### Your objective
Retype exactly the lines that run from the line with "CEZIRA Vegan Leather" to the final line of the entries, keeping both ends and nothing else.

--- Given data ---

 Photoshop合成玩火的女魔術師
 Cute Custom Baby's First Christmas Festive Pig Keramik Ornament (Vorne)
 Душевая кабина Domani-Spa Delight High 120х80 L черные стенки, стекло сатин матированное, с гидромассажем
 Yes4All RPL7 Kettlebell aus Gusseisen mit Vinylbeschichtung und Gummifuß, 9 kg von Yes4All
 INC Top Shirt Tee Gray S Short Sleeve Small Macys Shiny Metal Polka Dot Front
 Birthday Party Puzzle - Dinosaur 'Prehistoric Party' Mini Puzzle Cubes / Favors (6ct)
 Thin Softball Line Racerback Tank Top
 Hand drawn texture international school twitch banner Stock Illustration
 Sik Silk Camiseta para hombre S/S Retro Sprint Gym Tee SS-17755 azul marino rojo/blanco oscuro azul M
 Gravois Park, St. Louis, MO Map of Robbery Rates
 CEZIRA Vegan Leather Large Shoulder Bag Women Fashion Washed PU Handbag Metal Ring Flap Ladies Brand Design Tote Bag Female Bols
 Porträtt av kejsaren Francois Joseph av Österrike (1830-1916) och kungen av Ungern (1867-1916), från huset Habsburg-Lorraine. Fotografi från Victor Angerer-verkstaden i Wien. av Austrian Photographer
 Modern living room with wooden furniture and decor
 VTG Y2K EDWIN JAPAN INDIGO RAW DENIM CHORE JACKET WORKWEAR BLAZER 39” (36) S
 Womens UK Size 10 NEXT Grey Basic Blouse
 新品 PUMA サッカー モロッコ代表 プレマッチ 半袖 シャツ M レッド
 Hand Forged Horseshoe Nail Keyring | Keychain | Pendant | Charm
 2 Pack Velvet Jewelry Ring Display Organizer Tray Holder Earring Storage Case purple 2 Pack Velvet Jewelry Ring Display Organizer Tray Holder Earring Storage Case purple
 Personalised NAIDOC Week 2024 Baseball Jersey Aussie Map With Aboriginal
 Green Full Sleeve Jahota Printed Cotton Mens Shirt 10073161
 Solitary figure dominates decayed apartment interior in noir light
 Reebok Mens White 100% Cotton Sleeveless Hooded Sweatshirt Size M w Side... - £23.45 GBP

---

### The answer
 CEZIRA Vegan Leather Large Shoulder Bag Women Fashion Washed PU Handbag Metal Ring Flap Ladies Brand Design Tote Bag Female Bols
 Porträtt av kejsaren Francois Joseph av Österrike (1830-1916) och kungen av Ungern (1867-1916), från huset Habsburg-Lorraine. Fotografi från Victor Angerer-verkstaden i Wien. av Austrian Photographer
 Modern living room with wooden furniture and decor
 VTG Y2K EDWIN JAPAN INDIGO RAW DENIM CHORE JACKET WORKWEAR BLAZER 39” (36) S
 Womens UK Size 10 NEXT Grey Basic Blouse
 新品 PUMA サッカー モロッコ代表 プレマッチ 半袖 シャツ M レッド
 Hand Forged Horseshoe Nail Keyring | Keychain | Pendant | Charm
 2 Pack Velvet Jewelry Ring Display Organizer Tray Holder Earring Storage Case purple 2 Pack Velvet Jewelry Ring Display Organizer Tray Holder Earring Storage Case purple
 Personalised NAIDOC Week 2024 Baseball Jersey Aussie Map With Aboriginal
 Green Full Sleeve Jahota Printed Cotton Mens Shirt 10073161
 Solitary figure dominates decayed apartment interior in noir light
 Reebok Mens White 100% Cotton Sleeveless Hooded Sweatshirt Size M w Side... - £23.45 GBP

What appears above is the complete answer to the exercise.